入れ歯洗浄剤を使うときには、まず最初に流水下でブラッシングを行い入れ歯の汚れを落とした後に、入れ歯洗浄剤を水かぬるま湯で溶かしておき、洗浄剤を溶かした水の中に入れ歯をつけるようにします。

もし、ブラッシング後に入れ歯の汚れやヌルヌルがたくさん付着しているようであれば、一晩、入れ歯を洗浄剤が溶けている水の中につけておきましょう。

洗浄剤に入れ歯をつけた後は、最後に、つけておいた水の中から入れ歯を取り出し、歯ブラシか入れ歯専用ブラシを使って仕上げ磨きを行えば、基本的な入れ歯のお手入れは完了となります。

毎食後3回+洗浄剤1回が基本

入れ歯はブラッシングによるお手入れが毎食後3回、そして洗浄剤を使って行うお手入れが就寝前に1回の合計1日4回のお手入れをする必要があります。
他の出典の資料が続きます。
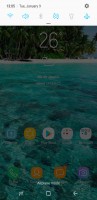 notification shade - Samsung Galaxy A8 (2018) review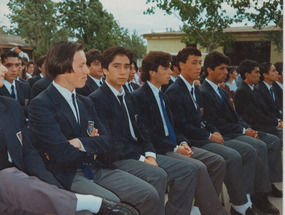 Graduación de 4° medio en el Liceo A-119 de Talagante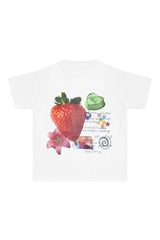 Strawberry Dreams Collage Top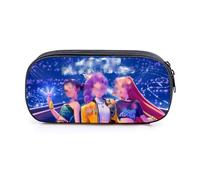 NTGFU Pencil Case for Girls - Large Capacity Waterproof Material Stationery Organiser, Cute Anime Theme Pen Case for School Office Home, Gift for Children Teenagers Adult Fans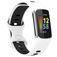 Mobigear Sport Dual Silikoni Fitbit Charge 5 Ranneke Tappikiinnitys - Musta / Valkoinen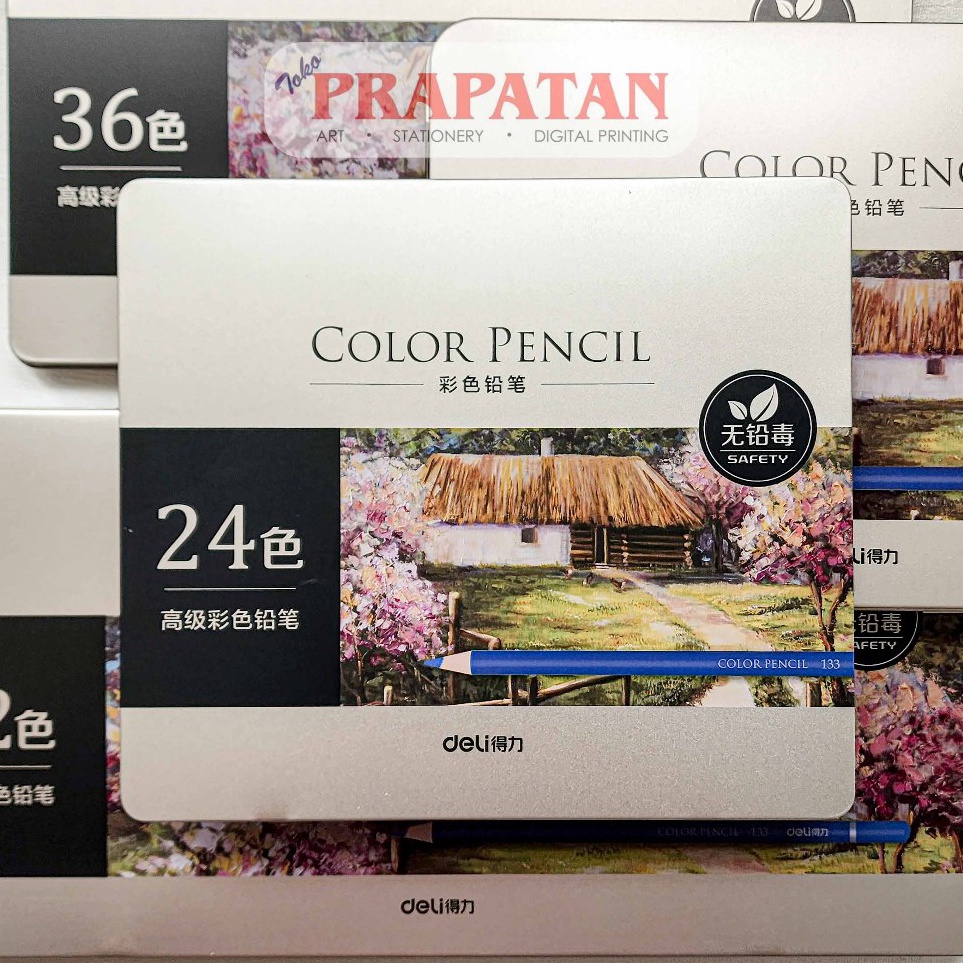 

KODE B78O Pensil Warna Minyak Deli 656 Tin Case Oil Color Pencil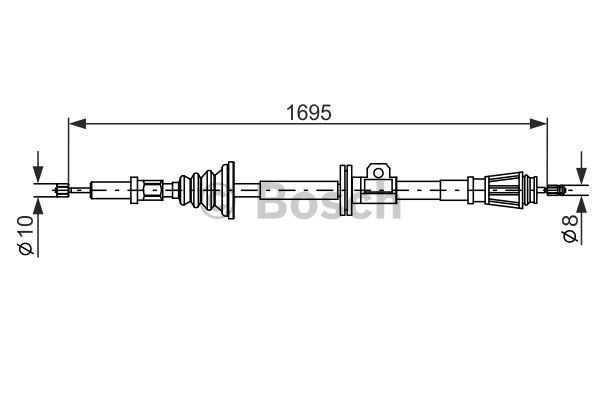 BOSCH trosas, stovėjimo stabdys 1 987 482 262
1日4回のお手入れを怠ってしまうと、入れ歯に付着したプラーク(歯垢)や食べカスが歯石となり、歯石にひそむプラークが原因で周辺の歯の虫歯や歯周病を発症する確率が上がってしまいます。

入れ歯が原因の虫歯や歯周病を引き起こさないためにも、食事の後と就寝前の入れ歯のお手入れは毎日欠かさずに行うようにしましょう。

入れ歯の保管方法について

取り外したら必ず水の中に入れて保管

素材によって違いはあるものの、入れ歯は熱や衝撃に弱く、また乾燥にも弱いため、入れ歯を外してそのまま放置するとひび割れや変形が起こることがあります。

特に、就寝前に入れ歯を外して保管するときにはひび割れや変形を防ぐためにも、入れ歯は必ず、水が入った容器の中につけておくようにします。
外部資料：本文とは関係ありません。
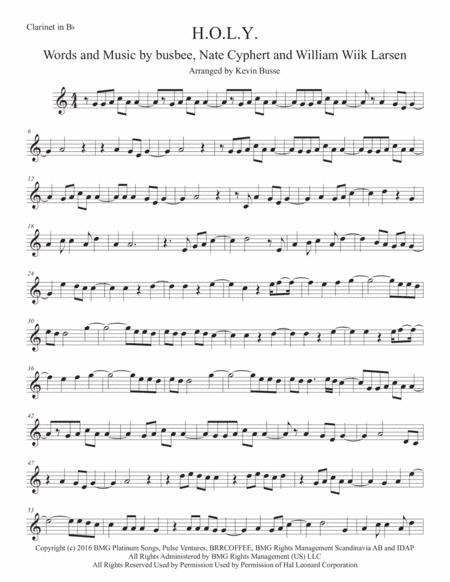H.O.L.Y. (arr. Kevin Busse)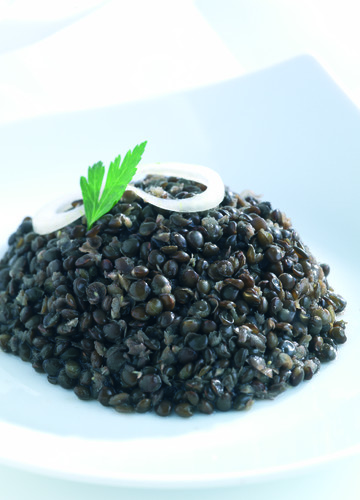 Lentilles noires Beluga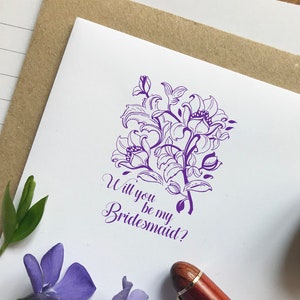 Will you be my Bridesmaid Wooden Stamp Wedding Planning. Save the date stamp. Bridesmaid Proposal Cards. DIY Be my Bridesmaid Card supply image 1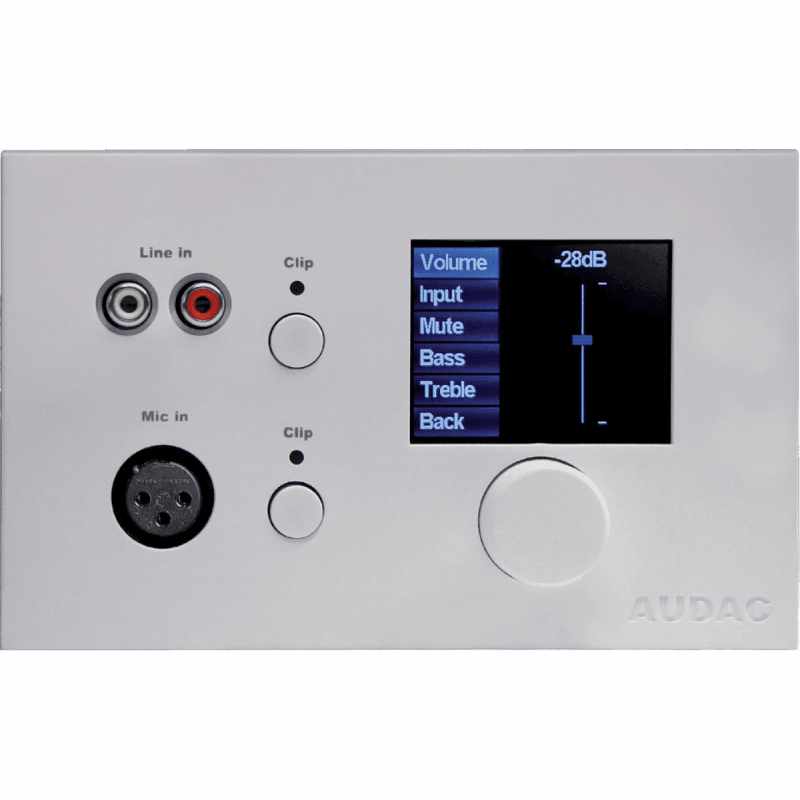 Audac DW5066 Digital All-In-One Wall Panel (White)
入れ歯をつけておく保存容器の中の水は使い続けると細菌が繁殖してしまい不衛生ですので、水はこまめに取り替えるようにしましょう。

毎日の歯磨きも重要

部分入れ歯やブリッジは天然の歯よりもプラークがつきやすいため、毎食後はしっかりと歯磨きを行い、残っている歯が虫歯にならないようにしましょう。
また、総入れ歯の場合も歯ぐきをマッサージすることにより、歯ぐきの血行が改善されて歯周病予防に繋がりますので、毎日しっかりと入れ歯のお手入れを行うとともに歯磨きによるブラッシングも合わせて行い、歯ぐきの健康を保つように心がけましょう。

入れ歯のお手入れはお口全体の健康に繋がる

入れ歯は一度作ればそれでおしまいという物ではなく、古くなった入れ歯は数年ごとに新しく作り変える必要があるものです。また、部分入れ歯やブリッジなどの義歯を使用している場合は残っている歯を守るために「3ヶ月に1回」程度の頻度で歯科医院の定期検診を受ける必要があります。

残っている歯が虫歯になったり、入れ歯を支えている歯ぐきやあごの骨が歯周病になってしまうのを防ぐためにも、毎日の食生活や外出時に欠かせない入れ歯のお手入れをきちんと行い、お口全体の健康を保つことを心がけるようにしましょう。